Emotional Physical Behavioural
Moody
Angry
Impatient
Depressed
Anxious
Worried
A sense of dread
Worried
Irritable
Rapid heartbeat
Shallow breathing
Muscle tension
Problems sleeping
Sexual problems
Blurred vision
Tired all the time
Clenching your jaw or grinding your teeth
Chest pains
High blood pressure
Heartburn or indigestion
Diarrhoea or constipation
Feeling sick or dizzy
Headaches
Lethargic
Difficulty concentrating
Memory problems
Being tearful
Smoking or drinking more than usual
Restlessness
Constantly worrying
Snapping at people
Biting your nails
Picking at your skin
Hard to make decisions
Avoiding situations
Difficulty eating well
Unable to enjoy yourself
Uninterested in life

Causes of stress

Feelings of stress can be due to one big thing happening in your life or a build-up of lots of smaller things.

  • Triggers can include:
  • Divorce/relationship breakdown
  • Changes in your life
  • Financial problems
  • The death of a loved one
  • Loss of a job
  • Disagreement with friends
  • Lack of control over the outcome of a situation
  • Increased workload
  • Health problems
  • Moving home
  • Housing problems
  • Getting married
  • Unemployment
  • Exams

How to deal with stress

When we’re feeling stressed, our amygdala, which is the emotional hub of the brain, becomes very focussed towards danger. When this happens our senses are heightened, and we become more alerted to sounds, sights and smells. The quickest way to help reduce our stress levels is to engage our senses in a positive way, to help calm our amygdala down.

Below are a few helping tips to help you manage your stress levels:

  • Talking things through with a person you trust could help too, and might show just how much you are coping with at once. Having a good support network can help you see things differently and ease your stresses.

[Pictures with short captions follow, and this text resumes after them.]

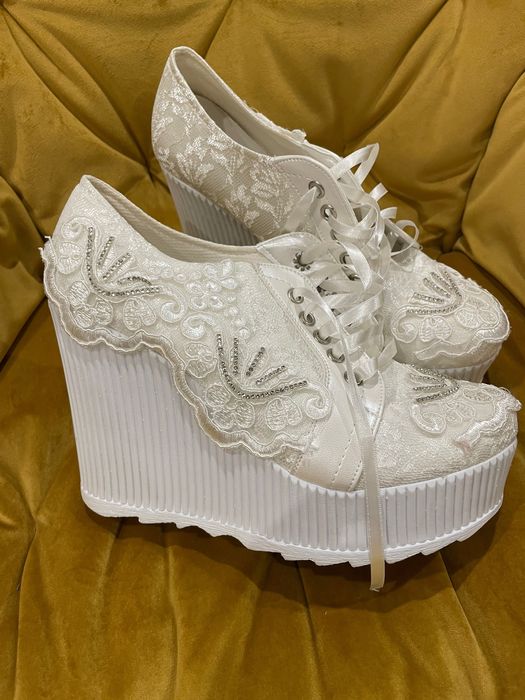 Бели обувки на платформа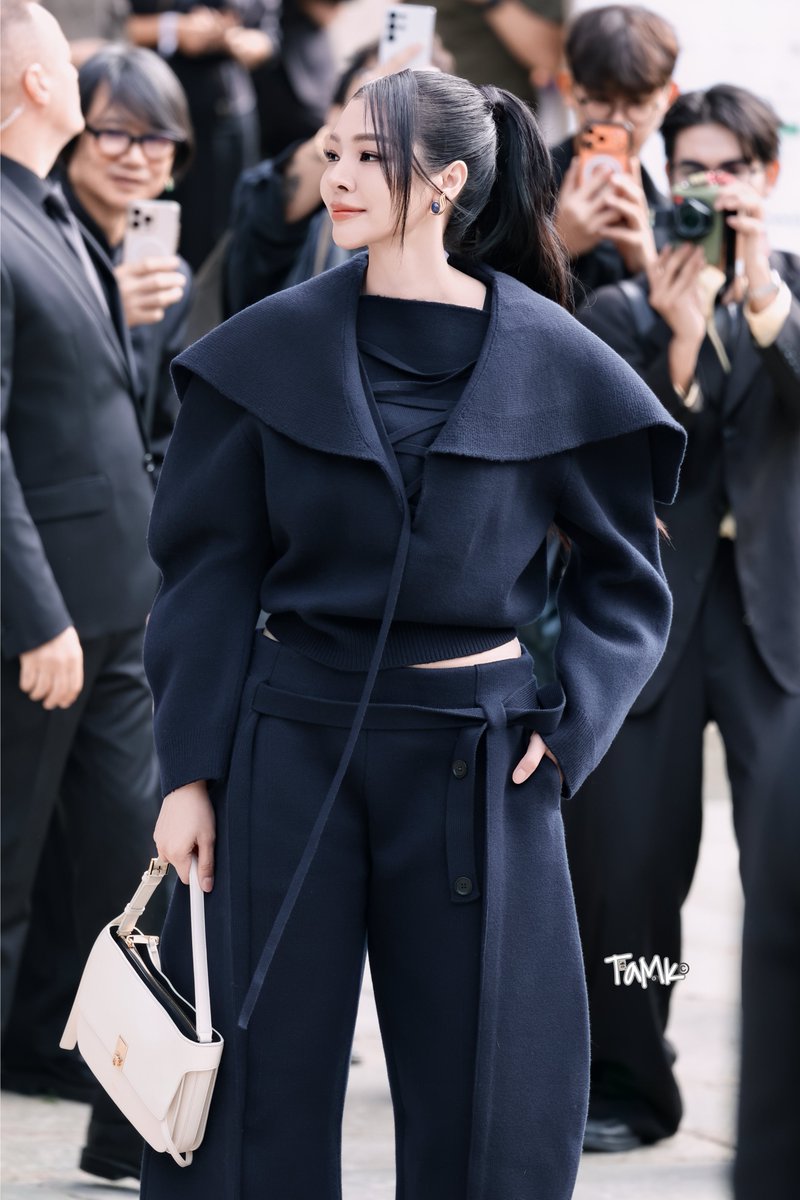 kasontam0k's tweet photo. 😎😎😎😎

#Ferragamo
#FerragamoSS27
#FerragamoXFaye
#FayePeraya
#ฝ้ายพีรญา https://t.co/fAbUjBGStE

  • Make a list of things to do and prioritise what’s urgent. If you try to do too much at once, you can end up feeling like you have even more pressure on you. By prioritising what is urgent, you can feel more in control and see your achievements more easily. Try and identify your best time of day. For example, you might be more of a morning person than an evening person, and do the essential tasks that need the most energy then. Organising your time and creating a routine for yourself, could help you feel more on top of any tasks you’re undertaking.

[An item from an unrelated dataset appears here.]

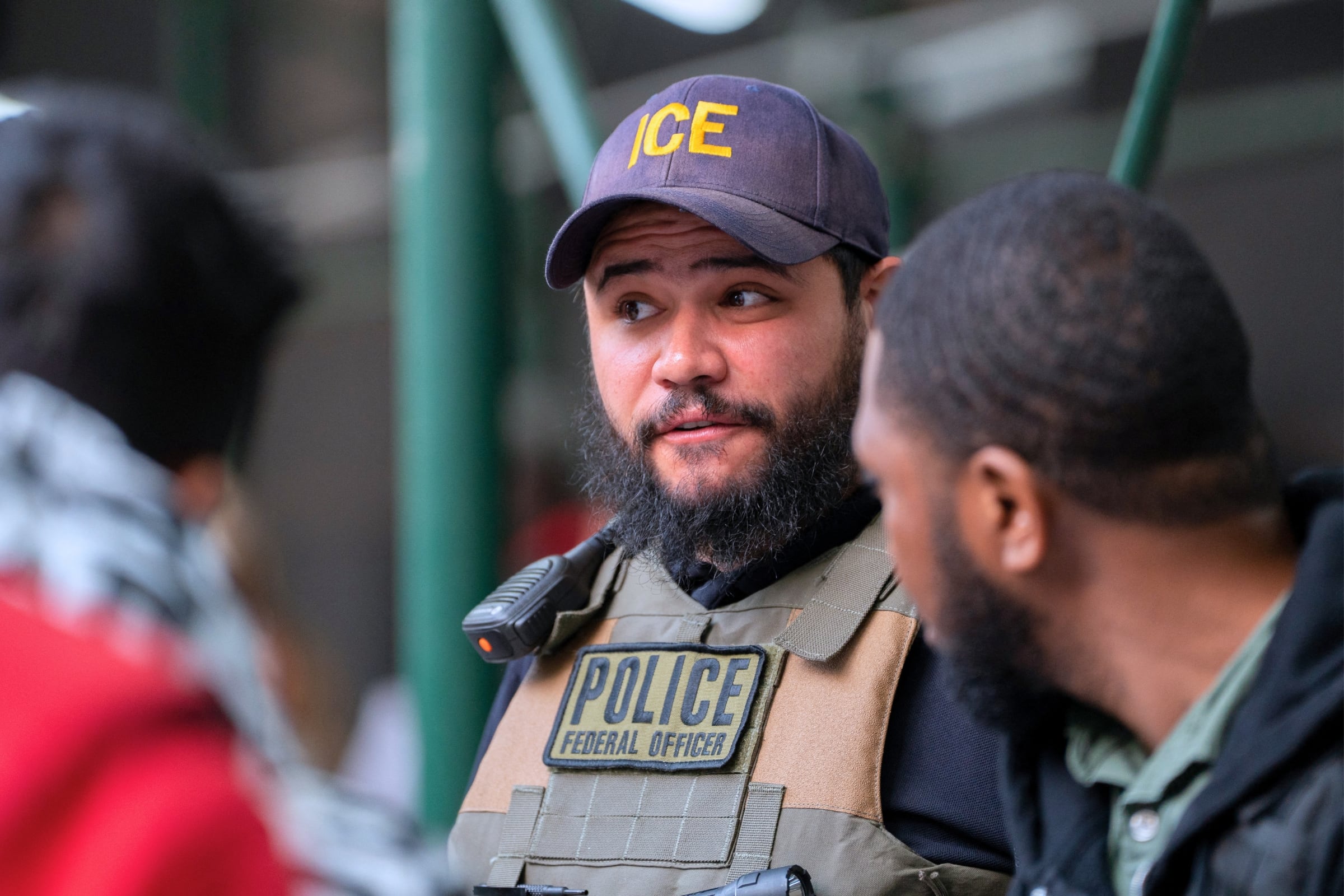 Fotografías públicas, etiquetas, ubicaciones y datos de contacto pueden revelar más información de la prevista a ICE (Foto: AFP)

  • Make time to go outside. Research shows that doing exercise releases the natural endorphins in your body that can make you feel good – you’ll be pleasantly surprised by the difference it’ll make.

  • Ask for help. Cut yourself some slack and ask a friend or family member to help with some of your daily tasks to alleviate some of the stress. You’ll find that things will become more bearable if you can do things at your pace.

  • Take time out for you. When we’re stressed, you can often forget about you. Make sure that you schedule a bit of “me time” into your day to focus on you. Some people find that Mindfulness apps work for them, others enjoy yoga, reading a book, or listening to music. Whatever your “me time” looks like, make sure that it features in your day.